-
Notifications
You must be signed in to change notification settings - Fork 2
Function: identifySubgroups
This function is a quick-and-dirty way to identify subsets of genes that are similar. It's useful if you have a big, vague family that shows up a lot near your genes of interest - TonB-dependent transporters! Beta-lactamases! - and you want to a quick indication of whether or not they're actually all closely related or not. Like prepNeighbors, this uses an all-by-all blast, combined with tidygraph (and ggraph). It'll add the subgroup families to the Hypofam ("hypothetical family") column in the metadata file, so that you can include them in downstream analyses if desired.
A basic example - note that no matter what, I need to specify whether I am using %ID or e-value as a cutoff, what that cutoff is, and some information about my system (in order to make the all-by-all blast work.)
identifySubgroupsOut <- identifySubgroups(geneList = "20210101_genE-neighbors_tbdts.txt", imgNeighbors = "20210101_neighborClusters_genE_neighborMetadata.txt ", imgNeighborSeqs = "20210101_repnodeTrim_genE_neighborSeqs.fa", geneName = "genE", subgroupDesc="TBDT", cutoffType = "identity", cutoffValue = 45, sysTerm = "nix", numThreads = 7)

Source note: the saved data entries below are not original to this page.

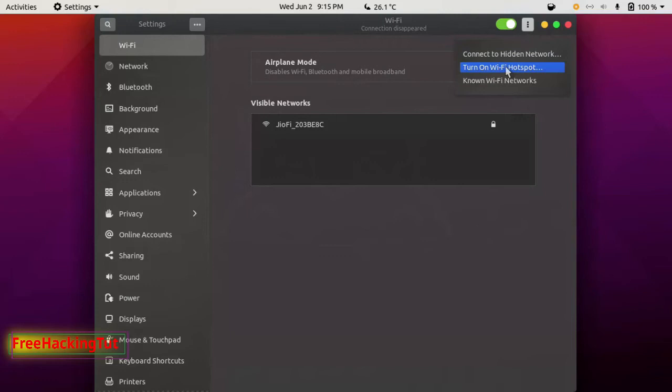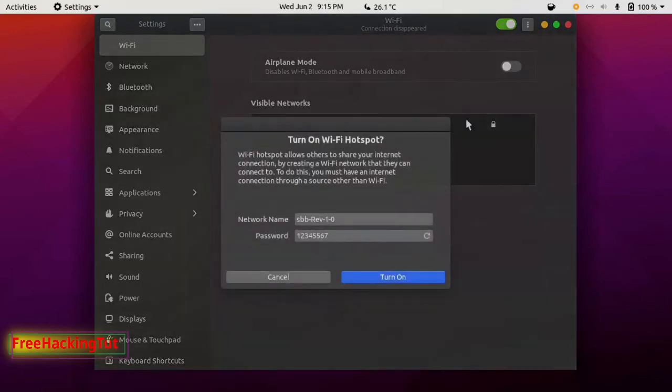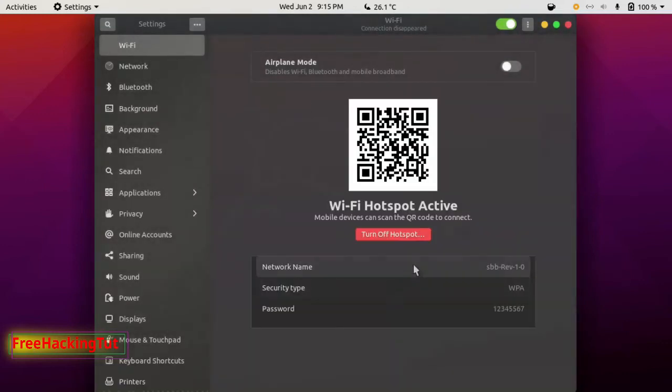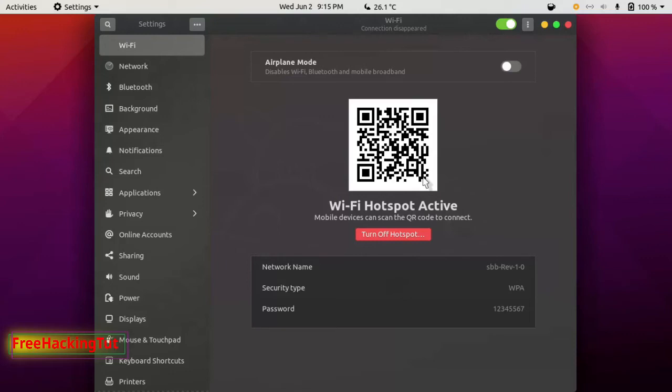Just click on it and you can type the network name and password, then click to turn on. Now you can connect using the QR code directly. Scan the QR code from an Android device.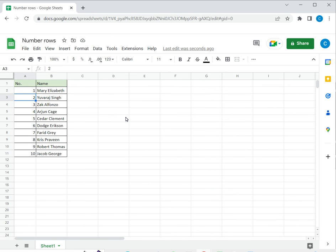This is a small data set so all three methods are equally viable, but when you have a very large data set it may be a good idea to use the sequence function. This is how to number rows in Google Sheets. Please read the appended article for further guidance.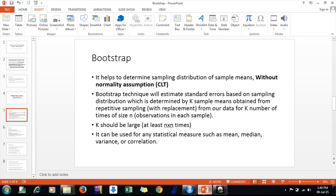The second thing this technique helps us with is estimating the standard errors of the sample means. This is determined by taking, say, 10,000 resamples from the existing sample. This repetitive sampling gives us k number of sample means, and when this data is plotted, the spread of that distribution gives us our standard error. The question then is: what number k is sufficient enough?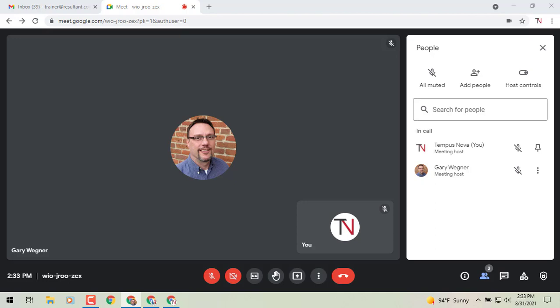Like I said, you can assign up to 25 co-hosts per meeting and allow them to access and utilize those host controls.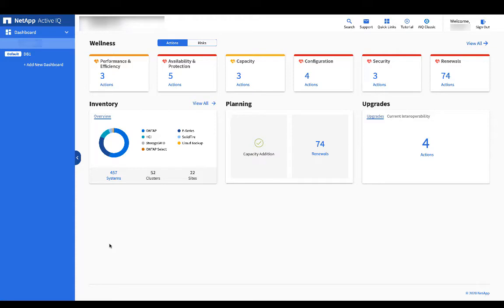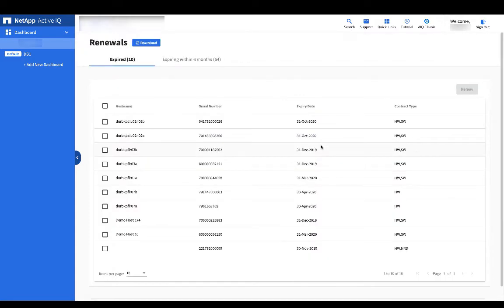Clicking on that number shows a tabular listing. By default, this is a list of already expired systems. There's also a tab for upcoming expirations.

Note: I often end up running this after I've already gone through the rest of the suite, when it's clear that I may have several different types of an abundant neighbor family. In this example, I've got a list of TBDTs in the neighborhoods of repnodes and I'm using a 45% identity cutoff to group them into subgroups. As usual, there are advanced options.
-
geneList
Filename. For a text file containing a list of the IMG gene_oids that you want to analyze in a single column, with "gene_oid" as a header. Required. -
imgNeighbors
Filename. For a text file containing the metadata for the neighbors of your primary genes of interest, including the subset this function will be analyzing. Required. -
imgNeighborSeqs
Filename. Number of neighbors to be provided for each gene of interest. Required. -
geneName
Character string. Name of gene family of interest (purely for file naming). Required. -
subgroupDesc
Character string. A brief one-word description. Required. -
cutoffType
Character string. Specifies whether you want to use % sequence identity ("identity") or expectation value ("evalue") when looking for protein subgroups. Required. -
cutoffValue
Number. Cutoff value, either percent identity (0-100) or e-value cutoff (decmial). Required. -
sysTerm
Character string. Specifies whether you're using a Linux subsystem on Windows ("wsl") or Unix/Linux/MacOS ("nix") to make the blast run work right. Required. -
numThreads
Integer. Number of threads to use while running blast. Defaults to 1.
-
defFamNum
Integer. The starting number for your protein subfamilies - useful if you're running a few of these at once, so that they don't end up with overlapping names. Defaults to 0. -
lightExport
Boolean. Indicates whether or not to export a simplified file (containing only gene_oid and family name) or the full updated metadata file with family names added to the hypoFam column. Defaults to FALSE. -
screenPep
Boolean. Indicates whether you want to use altered peptide-friendly presets. Defaults to FALSE. -
alnClust
Boolean. Indicates whether you want to make MAFFT alignments of subfamilies. Defaults to FALSE. -
hmmClust
Boolean. Indicates whether you want to make MAFFT alignments of subfamilies. Defaults to FALSE.
-
20210101_identifySubgroups_genE_enzymes_subgroupSeqs.fa
File. Fasta-formatted file for the protein sequences of the subset of genes being analyzed, containing only the IMG-style gene_oids. -
20210101_identifySubgroups_genE_enzymes_Blast.txt
File. Blast output file for your protein subset. -
20210101_identifySubgroups_genE_enzymes_BlastError.txt
File. Error for the Blast run. -
20210101_identifySubgroups_genE_enzymes_networkFull_cutoff_45.pdf
File. PDF file for the tidygraph network. -
20210101_identifySubgroups_genE_enzymes_networkFull_cutoff_45.gml
File. GML-formatted output file for the tidygraph network. -
20210101_identifySubgroups_genE_enzymes_metadata_cutoff_45.txt
File. PDF file for the tidygraph network. -
identifySubgroupsOut
List. Contains the data frame of IMG-styled metadata for all neighbors of your genes of interest, with updated subfamily information added to the "Hypofam" column.
(MAFFT-aligned .fasta files for each subgroup if alnClust is true.)